The workflow of the knowledge discovery assistant for dynamic reporting

However, it is still an early stage for research on a vehicle knowledge graph, and additional data should be loaded into the graph database to enrich it. For example, in the model level as the input, it will be material, geometrical semantics, grouping the parts as functional components. Moreover, examples of extra data in the simulation output are accelerometers, cross-section forces, deformations, and safety requirements. Moreover, there is a necessity for grouping parts and features, where, for example, a higher level of grouping may enable load-path detection. Furthermore, link prediction and similarity assessment will support engineers in exploring a simulation database to search the data. We give examples for similarity assessment or part grouping in a companion paper [29].

For graph visualization, additional improvements can still be made. One additional study can be on extending the types of nodes and relations included in the network. For example, including development tree connections, impactor/barrier nodes, and simulation similarity predictions. The edge bundling method can also reduce the visual clutter caused by edge overlaps. It can provide a global overview of complex connection graphs while providing information on the primary connection relationships in the graph by the thickness and color of the edges [7].

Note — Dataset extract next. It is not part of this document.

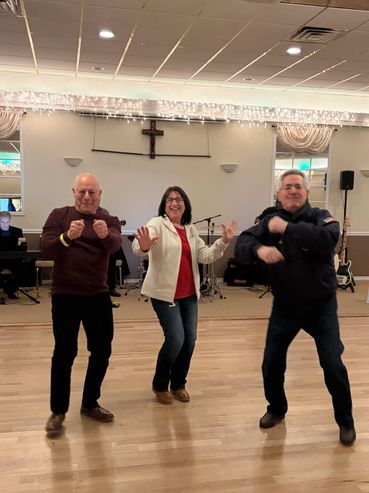 Three adults dancing joyfully in a decorated room with musical instruments.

A mid-term goal is to predict simulations for unexplored design spaces and recommend solutions to the engineer. Likewise, predicting cause-effect relations between the model and simulations will further enrich the data. Finally, a long-term target is to enable the evaluation of performance robustness. Correspondingly, the car-graph shall allow an extension of the safety evaluation from regulated tests, which are just examples of real crash scenarios, to more diverse crash scenarios. Finally, the handling of unlabeled data still remains a big challenge in this domain. In our case, we needed to verify the overall discoveries with an inefficient process of manual engineering feedback that limited ML applications. Consequently, empowering the semantics using web technology to increase data labeling will further support the uptake of analysis approaches in this application domain.